Note to the faithful readers: Ryan pulled a Jeremiah Johnson on me, so I guess I’m temporarily in charge…
My dad, Bob, just got back recently from Cameroon and I wanted to share a very exciting aspect of his trip. Dad works with ITEM to train African pastors how to better shepherd their flocks in a biblical manner. Many of the local church leaders suffer from limited resources and bad training. Because of this, there are many issues of concern for the African church such as the wealth and prosperity doctrine and syncretism.
Dad has been to different parts of Africa many times, but there was an exciting new wrinkle in his last trip that just goes to prove who is really running the show. Prior to Dad’s trip a friend of the family who is a deacon at my church felt led to accompany him to Cameroon. Bob typically travels to French-speaking areas because of his fluency, so Tim was thinking he would go along as a source of encouragement and support.
As the departure date came closer, the details crystallized and Dad let Tim know that they would actually be going to one of the few English-speaking areas in Cameroon. While this was all well and good for Tim, what didn’t sit as well was when Dad told him that he could now teach some of the sessions! This wasn’t what Tim signed on for, but being the good Christian soldier that he is, he accepted the challenge and began preparing to teach the African pastors and leaders.
There is always good response to the seminars that Dad is involved in, but Tim brought a new dynamic. For the leaders attending the seminar, seeing Tim teach alongside my Dad was an eye-opener to them. From their perspective, the pastor teaches, and the other leaders (deacons or elders) simply help keep up the building or take care of administrative duties. They couldn’t believe that Tim wasn’t a pastor and that a “layman” could be so capable in handling the Word of God.

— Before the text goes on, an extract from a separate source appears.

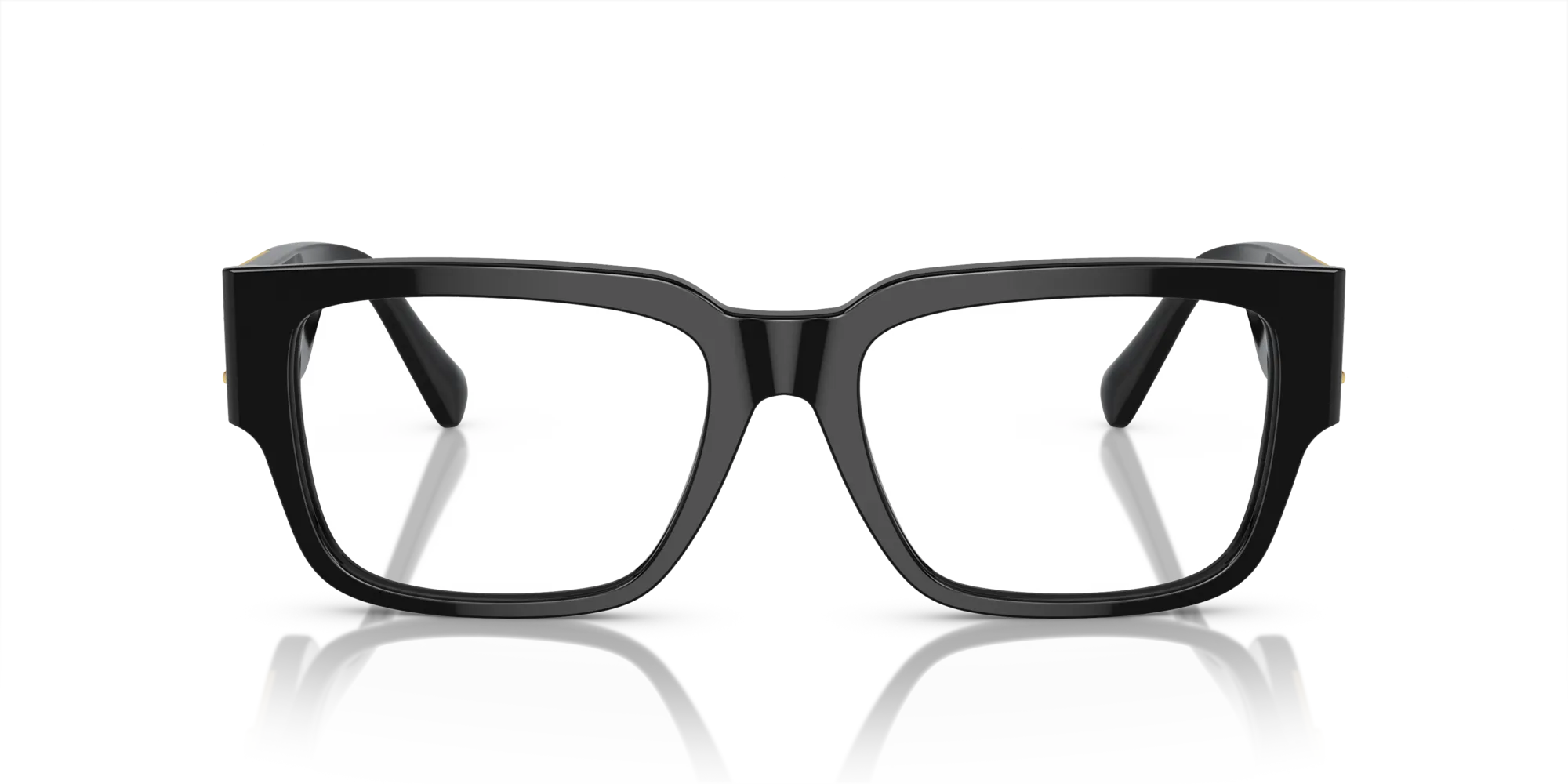 Versace VE3350 GB1 Montature da vista Acetato Nero Squadrata Normale - immagine 3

This challenged the men who weren’t pastors to take a greater responsibility for their knowledge of the Bible. There were many comments along the lines of “I want to be like Tim!” I take for granted the safety I enjoy in my own church body of a deep aptitude for Bible study in our membership. It is much, much harder for any “strange doctrine” to make headway when so many of us are well versed in the fundamentals and how to search out the scriptures. Imagine the strides that could be made against false doctrine in Africa if the pastor wasn’t the ONLY one responsible for teaching and discipleship in the church!
As I reflected on Tim’s original plan, his nervousness upon learning he was going to teach, and the effect it had on the attendees, I could help but rejoice that our God is smart. He knows what He’s doing, and He knows how to do it in a way so that He gets the glory. Thank you Dad and Tim for your faithfulness and obedience, and thank you God for your magnificent plan!